Routine episiotomy is not an evidence-based practice. Despite the evidence that the benefits and risks of episiotomy are not justified, some obstetricians persist in using it routinely for convenience, to finish the delivery more quickly.
Risks of Episiotomy
- Urinary incontinence
- Increased recovery time
- Can cause infection
- Increased discomfort when sex presumes
Episiotomies can leave long lasting, painful scars. A news release from ACOG states, “The best available data do not support the liberal or routine use of episiotomy. Nonetheless, there is a place for episiotomy for maternal or fetal indications such as avoiding severe maternal lacerations or facilitating or expediting difficult deliveries.”
How to avoid an episiotomy
- Hire a doula. In one study, the presence of a doula resulted in a 60 percent reduction in epidural requests, and a 40 percent reduction in forceps deliveries. Both procedures are major contributors to high episiotomy rates.

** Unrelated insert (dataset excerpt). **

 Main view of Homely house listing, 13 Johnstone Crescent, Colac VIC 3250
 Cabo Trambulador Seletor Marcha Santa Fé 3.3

- Do prenatal massages to your perineum. Perineal massage, in which the perineum is massaged with or without oil can help stretch skin to allow for easier elasticity during birth
- Try different positions during childbirth, particularly positions where you are pushing with your legs far apart. Using gravity to your advantage can help not only the birth process, but also reduce the risk of tear.
Is tearing safe?
Research has shown that tears occurring naturally in an unmedicated mother happen when the perineum is at its maximum stretch, thereby creating a tear that is not jagged, but quite straight and minimal. Often this type of tear requires a maximum of three to five quick-healing stitches, if it needs any stitching at all.
In some cases, such as a rapid birth, an episiotomy may be needed to reduce a deep or long tear that can stretch into the anal sphincter.